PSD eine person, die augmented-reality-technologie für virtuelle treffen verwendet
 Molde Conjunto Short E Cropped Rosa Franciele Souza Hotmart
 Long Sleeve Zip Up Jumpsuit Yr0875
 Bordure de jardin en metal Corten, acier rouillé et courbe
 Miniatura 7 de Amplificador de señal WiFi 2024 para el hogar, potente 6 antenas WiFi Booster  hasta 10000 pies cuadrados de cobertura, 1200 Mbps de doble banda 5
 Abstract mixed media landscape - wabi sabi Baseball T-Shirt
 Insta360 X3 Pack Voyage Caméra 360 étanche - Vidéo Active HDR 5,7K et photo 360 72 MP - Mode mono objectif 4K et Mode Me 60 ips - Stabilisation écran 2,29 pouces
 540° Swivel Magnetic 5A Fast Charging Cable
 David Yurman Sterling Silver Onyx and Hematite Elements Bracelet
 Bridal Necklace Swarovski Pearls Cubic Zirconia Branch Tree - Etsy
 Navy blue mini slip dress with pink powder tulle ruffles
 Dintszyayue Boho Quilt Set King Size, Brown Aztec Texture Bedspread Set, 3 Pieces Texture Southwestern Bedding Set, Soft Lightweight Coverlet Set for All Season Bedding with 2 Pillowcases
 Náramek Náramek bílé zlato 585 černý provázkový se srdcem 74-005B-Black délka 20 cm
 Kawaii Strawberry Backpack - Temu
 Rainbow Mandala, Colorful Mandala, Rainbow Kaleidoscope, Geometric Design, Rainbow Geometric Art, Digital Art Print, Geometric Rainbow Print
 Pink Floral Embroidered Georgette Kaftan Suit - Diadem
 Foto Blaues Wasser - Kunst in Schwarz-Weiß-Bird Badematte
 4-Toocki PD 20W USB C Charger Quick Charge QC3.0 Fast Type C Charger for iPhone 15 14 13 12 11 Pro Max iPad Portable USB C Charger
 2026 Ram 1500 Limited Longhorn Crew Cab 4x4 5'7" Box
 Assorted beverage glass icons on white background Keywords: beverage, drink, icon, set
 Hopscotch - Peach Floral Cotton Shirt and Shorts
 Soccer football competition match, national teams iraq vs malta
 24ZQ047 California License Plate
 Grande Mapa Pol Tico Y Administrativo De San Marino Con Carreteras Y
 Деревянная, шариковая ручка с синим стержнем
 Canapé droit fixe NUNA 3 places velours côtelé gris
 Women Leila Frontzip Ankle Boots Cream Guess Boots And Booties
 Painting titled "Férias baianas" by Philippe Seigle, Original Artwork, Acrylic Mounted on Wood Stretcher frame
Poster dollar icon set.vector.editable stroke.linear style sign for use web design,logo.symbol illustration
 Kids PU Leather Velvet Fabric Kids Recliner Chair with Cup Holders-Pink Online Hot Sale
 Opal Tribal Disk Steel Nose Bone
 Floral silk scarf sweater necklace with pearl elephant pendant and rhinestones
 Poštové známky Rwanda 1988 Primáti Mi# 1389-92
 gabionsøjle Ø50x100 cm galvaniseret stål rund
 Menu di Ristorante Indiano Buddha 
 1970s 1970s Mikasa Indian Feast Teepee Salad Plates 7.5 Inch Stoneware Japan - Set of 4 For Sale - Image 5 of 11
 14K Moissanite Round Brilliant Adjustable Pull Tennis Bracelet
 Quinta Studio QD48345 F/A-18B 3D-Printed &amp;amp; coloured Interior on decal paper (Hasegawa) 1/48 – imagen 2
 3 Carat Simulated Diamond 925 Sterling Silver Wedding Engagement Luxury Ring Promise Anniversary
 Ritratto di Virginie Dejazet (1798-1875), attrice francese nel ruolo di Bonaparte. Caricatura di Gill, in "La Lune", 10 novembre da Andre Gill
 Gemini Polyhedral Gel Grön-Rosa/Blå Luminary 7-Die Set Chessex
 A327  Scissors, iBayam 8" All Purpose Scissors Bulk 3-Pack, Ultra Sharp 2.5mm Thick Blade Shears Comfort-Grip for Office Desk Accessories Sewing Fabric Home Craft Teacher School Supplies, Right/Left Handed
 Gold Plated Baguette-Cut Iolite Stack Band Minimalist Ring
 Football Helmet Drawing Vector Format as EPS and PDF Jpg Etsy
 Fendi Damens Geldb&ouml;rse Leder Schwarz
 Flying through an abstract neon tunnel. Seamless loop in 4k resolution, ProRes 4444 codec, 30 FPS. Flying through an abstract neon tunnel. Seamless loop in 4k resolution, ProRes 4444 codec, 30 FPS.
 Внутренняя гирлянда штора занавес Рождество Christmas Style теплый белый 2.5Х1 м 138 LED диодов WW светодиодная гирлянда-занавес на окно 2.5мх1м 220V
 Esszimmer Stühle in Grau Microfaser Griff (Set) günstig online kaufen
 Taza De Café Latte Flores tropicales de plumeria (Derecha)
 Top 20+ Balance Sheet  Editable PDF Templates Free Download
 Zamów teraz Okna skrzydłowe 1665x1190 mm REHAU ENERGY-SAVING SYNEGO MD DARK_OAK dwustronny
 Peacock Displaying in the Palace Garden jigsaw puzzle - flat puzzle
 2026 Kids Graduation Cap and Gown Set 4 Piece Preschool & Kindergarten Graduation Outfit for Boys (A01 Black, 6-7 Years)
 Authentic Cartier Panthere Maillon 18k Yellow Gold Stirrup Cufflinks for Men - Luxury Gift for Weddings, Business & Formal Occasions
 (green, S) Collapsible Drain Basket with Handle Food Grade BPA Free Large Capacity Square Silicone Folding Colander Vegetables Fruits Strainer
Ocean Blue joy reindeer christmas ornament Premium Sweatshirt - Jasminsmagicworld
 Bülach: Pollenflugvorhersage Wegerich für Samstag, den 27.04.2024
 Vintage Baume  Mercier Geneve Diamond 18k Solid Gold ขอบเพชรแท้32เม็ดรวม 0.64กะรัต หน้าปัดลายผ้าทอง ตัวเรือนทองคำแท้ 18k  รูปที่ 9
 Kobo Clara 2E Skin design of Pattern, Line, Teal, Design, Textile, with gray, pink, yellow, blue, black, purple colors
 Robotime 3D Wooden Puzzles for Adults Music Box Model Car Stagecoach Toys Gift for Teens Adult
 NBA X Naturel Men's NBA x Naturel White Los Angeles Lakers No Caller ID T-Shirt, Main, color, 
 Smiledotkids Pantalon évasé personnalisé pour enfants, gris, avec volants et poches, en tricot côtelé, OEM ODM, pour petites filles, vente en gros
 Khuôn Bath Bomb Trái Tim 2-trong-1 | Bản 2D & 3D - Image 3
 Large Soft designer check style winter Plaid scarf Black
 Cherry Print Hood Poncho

___

◆ **WHAT THE EXERCISE ASKS**:
Your answer should consist only of the lines from the one with "Authentic Cartier Panthere" through the last line of the entries above, retyped exactly.

◆ **TASK ANSWER**:
 Authentic Cartier Panthere Maillon 18k Yellow Gold Stirrup Cufflinks for Men - Luxury Gift for Weddings, Business & Formal Occasions
 (green, S) Collapsible Drain Basket with Handle Food Grade BPA Free Large Capacity Square Silicone Folding Colander Vegetables Fruits Strainer
Ocean Blue joy reindeer christmas ornament Premium Sweatshirt - Jasminsmagicworld
 Bülach: Pollenflugvorhersage Wegerich für Samstag, den 27.04.2024
 Vintage Baume  Mercier Geneve Diamond 18k Solid Gold ขอบเพชรแท้32เม็ดรวม 0.64กะรัต หน้าปัดลายผ้าทอง ตัวเรือนทองคำแท้ 18k  รูปที่ 9
 Kobo Clara 2E Skin design of Pattern, Line, Teal, Design, Textile, with gray, pink, yellow, blue, black, purple colors
 Robotime 3D Wooden Puzzles for Adults Music Box Model Car Stagecoach Toys Gift for Teens Adult
 NBA X Naturel Men's NBA x Naturel White Los Angeles Lakers No Caller ID T-Shirt, Main, color, 
 Smiledotkids Pantalon évasé personnalisé pour enfants, gris, avec volants et poches, en tricot côtelé, OEM ODM, pour petites filles, vente en gros
 Khuôn Bath Bomb Trái Tim 2-trong-1 | Bản 2D & 3D - Image 3
 Large Soft designer check style winter Plaid scarf Black
 Cherry Print Hood Poncho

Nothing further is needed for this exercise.